Petitioner filed a Motion for Reconsideration, while respondents filed a Manifestation with Motion for the restitution of the amount they paid to petitioner. In its Resolution dated September 18, 2015, the CA denied petitioner's Motion for Reconsideration and granted respondents' Manifestation with Motion.

Hence, the instant petition.

The Issues

Petitioner anchors his plea for the reversal of the assailed Decision on the following grounds:[23]
I.

THE COURT OF APPEALS COMMITTED A SERIOUS ERROR OF LAW WHEN IT FAILED TO HOLD THAT PETITIONER'S DISABILITY IS PERMANENT AND TOTAL IN THE ABSENCE OF A DEFINITE AND FINAL ASSESSMENT OF FITNESS OR PERMANENT DISABILITY FROM THE COMPANY-DESIGNATED PHYSICIAN WITHIN THE 240-DAY PERIOD.

II.

THE COURT OF APPEALS COMMITTED A SERIOUS ERROR OF LAW IN DISMISSING THE DISABILITY CLAIM ALLEGEDLY BECAUSE PETITIONER DID NOT SECURE THE OPINION OF A THIRD DOCTOR

III.

THE COURT OF APPEALS COMMITTED A SERIOUS ERROR OF LAW IN ORDERING RESTITUTION OF THE EXECUTED JUDGMENT AWARD.
Succinctly put, the pivotal issue to be resolved is whether or not petitioner is entitled to permanent and total disability benefits.

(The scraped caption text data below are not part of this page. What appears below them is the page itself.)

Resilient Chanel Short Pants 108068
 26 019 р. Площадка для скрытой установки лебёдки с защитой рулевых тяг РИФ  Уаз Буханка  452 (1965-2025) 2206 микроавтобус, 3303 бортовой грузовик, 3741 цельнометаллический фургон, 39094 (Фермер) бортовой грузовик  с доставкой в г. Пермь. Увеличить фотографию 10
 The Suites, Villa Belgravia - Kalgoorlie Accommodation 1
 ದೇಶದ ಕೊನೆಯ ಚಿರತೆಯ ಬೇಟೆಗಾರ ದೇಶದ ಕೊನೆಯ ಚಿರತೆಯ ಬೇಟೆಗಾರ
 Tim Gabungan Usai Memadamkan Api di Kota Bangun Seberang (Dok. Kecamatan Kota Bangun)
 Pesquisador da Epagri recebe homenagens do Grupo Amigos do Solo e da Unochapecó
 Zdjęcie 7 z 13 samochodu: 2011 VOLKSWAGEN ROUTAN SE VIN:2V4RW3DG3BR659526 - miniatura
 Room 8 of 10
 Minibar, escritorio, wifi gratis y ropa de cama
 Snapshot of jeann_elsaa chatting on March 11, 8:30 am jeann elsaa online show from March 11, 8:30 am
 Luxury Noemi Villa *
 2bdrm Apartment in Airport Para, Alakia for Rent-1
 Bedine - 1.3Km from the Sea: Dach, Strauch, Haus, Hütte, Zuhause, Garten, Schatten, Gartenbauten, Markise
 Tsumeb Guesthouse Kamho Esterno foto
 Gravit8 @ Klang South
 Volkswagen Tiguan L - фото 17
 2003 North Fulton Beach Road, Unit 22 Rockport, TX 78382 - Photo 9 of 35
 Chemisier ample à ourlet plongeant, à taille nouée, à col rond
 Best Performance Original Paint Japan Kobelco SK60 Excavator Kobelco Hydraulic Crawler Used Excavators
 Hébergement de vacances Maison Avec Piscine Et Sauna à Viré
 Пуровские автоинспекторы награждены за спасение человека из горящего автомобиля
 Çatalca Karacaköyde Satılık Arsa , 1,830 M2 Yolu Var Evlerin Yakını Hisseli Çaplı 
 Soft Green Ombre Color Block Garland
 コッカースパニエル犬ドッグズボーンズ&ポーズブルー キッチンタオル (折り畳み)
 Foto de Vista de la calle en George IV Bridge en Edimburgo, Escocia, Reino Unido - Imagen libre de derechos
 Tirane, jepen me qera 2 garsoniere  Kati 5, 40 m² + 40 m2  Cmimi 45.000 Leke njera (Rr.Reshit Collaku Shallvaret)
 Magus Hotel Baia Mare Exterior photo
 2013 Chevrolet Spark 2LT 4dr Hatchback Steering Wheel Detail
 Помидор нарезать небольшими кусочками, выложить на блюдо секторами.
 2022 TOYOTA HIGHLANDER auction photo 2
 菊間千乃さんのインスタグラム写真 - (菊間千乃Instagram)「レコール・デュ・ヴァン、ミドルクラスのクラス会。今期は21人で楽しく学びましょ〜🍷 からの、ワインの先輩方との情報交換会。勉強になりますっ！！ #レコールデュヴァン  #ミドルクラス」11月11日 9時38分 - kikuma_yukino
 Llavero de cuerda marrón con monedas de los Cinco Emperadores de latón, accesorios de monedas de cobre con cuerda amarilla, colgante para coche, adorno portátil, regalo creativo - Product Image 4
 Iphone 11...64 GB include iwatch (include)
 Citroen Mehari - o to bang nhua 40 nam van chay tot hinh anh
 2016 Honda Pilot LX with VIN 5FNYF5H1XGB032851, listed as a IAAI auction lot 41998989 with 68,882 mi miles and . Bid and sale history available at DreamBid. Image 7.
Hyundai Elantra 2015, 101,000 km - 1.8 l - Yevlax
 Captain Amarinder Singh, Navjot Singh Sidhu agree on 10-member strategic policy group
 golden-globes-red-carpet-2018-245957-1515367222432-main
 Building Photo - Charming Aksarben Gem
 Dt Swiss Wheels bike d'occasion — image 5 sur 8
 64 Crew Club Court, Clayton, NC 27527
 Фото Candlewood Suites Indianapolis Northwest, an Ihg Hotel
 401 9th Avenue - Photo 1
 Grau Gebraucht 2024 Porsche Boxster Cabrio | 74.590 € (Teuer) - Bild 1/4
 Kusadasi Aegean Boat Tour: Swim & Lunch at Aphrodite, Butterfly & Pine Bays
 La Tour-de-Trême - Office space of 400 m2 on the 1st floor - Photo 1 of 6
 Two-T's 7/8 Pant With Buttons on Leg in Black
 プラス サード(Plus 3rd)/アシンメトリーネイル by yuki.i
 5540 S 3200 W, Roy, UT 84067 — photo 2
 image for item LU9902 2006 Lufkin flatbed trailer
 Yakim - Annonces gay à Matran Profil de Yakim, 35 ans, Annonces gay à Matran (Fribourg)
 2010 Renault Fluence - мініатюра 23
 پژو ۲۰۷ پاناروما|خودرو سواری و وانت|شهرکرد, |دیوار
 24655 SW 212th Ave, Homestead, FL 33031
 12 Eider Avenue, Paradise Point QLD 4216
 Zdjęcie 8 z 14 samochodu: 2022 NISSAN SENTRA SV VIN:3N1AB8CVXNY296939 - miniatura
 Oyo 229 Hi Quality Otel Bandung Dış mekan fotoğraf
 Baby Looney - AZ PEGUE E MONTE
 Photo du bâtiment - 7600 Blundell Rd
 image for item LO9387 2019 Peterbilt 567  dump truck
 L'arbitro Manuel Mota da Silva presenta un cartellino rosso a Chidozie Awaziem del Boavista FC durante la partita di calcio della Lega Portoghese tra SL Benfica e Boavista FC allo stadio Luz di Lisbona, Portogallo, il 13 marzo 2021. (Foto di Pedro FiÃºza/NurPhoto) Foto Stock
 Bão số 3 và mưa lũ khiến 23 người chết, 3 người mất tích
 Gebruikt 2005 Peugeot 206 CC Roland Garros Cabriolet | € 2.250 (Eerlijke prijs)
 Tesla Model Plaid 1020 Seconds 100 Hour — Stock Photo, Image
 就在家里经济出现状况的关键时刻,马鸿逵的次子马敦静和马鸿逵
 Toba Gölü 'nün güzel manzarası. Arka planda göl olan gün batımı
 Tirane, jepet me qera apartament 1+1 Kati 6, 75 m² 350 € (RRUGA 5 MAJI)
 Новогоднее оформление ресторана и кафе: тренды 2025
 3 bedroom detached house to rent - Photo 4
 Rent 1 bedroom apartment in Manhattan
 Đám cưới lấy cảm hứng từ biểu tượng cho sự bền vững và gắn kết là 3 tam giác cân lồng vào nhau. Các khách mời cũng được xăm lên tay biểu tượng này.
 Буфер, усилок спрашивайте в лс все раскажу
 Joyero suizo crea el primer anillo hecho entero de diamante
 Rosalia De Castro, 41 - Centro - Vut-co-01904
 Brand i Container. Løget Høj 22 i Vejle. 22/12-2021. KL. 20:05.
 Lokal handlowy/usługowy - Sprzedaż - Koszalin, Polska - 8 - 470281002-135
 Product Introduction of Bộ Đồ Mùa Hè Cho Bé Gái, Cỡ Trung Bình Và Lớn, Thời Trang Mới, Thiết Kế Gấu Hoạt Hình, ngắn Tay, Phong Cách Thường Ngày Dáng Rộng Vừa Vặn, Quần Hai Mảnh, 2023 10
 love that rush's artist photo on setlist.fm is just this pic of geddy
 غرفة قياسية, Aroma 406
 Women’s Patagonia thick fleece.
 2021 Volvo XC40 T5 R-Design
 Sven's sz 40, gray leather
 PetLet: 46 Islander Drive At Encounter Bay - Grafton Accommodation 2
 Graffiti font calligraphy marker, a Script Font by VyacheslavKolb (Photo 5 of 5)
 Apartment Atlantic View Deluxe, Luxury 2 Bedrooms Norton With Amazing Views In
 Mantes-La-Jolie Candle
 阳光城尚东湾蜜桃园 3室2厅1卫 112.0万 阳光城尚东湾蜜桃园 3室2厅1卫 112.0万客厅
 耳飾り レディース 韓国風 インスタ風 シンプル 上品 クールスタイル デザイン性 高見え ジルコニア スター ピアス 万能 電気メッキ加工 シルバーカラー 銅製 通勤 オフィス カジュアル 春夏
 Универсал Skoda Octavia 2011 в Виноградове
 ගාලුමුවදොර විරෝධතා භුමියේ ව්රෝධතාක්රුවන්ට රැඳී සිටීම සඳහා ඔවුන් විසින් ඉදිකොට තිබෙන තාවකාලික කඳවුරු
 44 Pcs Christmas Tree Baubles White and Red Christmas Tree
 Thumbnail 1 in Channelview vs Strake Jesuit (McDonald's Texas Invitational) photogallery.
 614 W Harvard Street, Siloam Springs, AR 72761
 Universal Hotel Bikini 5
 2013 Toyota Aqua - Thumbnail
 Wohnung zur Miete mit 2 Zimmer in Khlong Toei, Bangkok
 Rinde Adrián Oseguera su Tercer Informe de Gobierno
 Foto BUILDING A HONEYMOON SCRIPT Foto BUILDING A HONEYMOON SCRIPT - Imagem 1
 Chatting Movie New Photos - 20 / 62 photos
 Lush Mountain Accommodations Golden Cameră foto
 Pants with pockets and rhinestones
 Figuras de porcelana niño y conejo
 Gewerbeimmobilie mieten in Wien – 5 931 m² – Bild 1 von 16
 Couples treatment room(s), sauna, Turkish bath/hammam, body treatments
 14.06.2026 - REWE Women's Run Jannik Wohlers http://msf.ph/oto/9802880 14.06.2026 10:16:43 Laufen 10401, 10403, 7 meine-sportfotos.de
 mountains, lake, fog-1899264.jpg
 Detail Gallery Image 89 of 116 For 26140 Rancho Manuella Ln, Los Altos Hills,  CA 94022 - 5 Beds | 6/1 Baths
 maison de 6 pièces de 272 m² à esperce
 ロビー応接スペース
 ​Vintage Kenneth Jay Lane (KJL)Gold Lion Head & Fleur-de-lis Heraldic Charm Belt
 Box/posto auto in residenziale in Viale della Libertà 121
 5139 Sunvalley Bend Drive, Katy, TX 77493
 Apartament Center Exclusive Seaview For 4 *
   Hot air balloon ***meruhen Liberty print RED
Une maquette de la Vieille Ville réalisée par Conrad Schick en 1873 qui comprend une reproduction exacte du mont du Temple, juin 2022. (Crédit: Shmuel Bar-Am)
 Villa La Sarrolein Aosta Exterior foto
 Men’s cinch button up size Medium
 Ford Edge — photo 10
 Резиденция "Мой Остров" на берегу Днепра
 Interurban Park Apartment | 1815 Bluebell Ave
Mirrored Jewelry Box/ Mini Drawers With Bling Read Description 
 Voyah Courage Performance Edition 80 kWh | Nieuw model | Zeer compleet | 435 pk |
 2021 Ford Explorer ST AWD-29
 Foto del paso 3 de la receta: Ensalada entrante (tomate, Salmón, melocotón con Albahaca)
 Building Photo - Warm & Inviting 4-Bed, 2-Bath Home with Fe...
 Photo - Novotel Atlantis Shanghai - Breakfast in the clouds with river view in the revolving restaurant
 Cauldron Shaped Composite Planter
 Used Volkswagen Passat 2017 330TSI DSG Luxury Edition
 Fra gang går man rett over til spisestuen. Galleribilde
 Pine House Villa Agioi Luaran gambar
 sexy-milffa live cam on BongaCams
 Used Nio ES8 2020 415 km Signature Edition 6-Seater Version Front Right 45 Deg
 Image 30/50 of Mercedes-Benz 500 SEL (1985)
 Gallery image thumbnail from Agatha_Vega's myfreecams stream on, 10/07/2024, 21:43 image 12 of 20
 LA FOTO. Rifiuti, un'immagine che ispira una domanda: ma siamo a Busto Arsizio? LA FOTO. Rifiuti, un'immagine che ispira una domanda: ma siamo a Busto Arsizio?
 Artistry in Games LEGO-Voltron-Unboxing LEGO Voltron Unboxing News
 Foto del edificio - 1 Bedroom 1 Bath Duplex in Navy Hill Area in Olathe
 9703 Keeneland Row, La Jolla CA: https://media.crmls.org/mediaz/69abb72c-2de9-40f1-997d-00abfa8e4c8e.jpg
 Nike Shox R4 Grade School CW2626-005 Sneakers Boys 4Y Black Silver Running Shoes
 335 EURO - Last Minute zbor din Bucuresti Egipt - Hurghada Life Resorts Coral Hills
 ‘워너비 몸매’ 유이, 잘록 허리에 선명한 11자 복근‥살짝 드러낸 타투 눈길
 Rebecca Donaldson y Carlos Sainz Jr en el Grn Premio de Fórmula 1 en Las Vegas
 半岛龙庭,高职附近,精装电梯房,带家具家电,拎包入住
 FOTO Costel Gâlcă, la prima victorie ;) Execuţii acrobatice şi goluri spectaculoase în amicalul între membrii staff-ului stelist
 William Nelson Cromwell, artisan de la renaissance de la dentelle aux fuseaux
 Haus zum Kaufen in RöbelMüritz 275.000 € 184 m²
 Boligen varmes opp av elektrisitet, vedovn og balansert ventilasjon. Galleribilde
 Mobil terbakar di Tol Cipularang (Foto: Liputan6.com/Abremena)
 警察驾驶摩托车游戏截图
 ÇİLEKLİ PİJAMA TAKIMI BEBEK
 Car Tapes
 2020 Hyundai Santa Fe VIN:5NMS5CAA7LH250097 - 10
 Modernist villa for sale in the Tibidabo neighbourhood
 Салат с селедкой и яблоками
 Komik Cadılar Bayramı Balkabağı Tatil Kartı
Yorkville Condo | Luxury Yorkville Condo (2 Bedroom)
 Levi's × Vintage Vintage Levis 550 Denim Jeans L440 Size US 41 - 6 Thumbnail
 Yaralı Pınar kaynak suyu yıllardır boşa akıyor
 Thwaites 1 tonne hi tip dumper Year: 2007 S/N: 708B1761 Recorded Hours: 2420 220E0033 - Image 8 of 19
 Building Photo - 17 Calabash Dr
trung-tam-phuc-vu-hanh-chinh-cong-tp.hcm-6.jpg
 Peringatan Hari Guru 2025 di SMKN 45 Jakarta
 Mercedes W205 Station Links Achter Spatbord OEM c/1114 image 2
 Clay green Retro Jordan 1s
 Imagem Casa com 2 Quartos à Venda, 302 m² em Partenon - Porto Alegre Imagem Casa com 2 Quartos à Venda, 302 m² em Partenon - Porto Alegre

Petitioner postulates, in the main, that the May 11, 2012 assessment of the company-designated physician cannot be deemed as final since, on July 20, 2012, he still reported back to the company-designated physician who recommended that he undergo further physical therapy due to the contracture of the other fingers of his left hand. As such, the POEA-SEC provision regarding the appointment of a third doctor does not apply in his case since there is no assessment to contest as the company-designated physician failed to come up with a final and definite assessment of his condition.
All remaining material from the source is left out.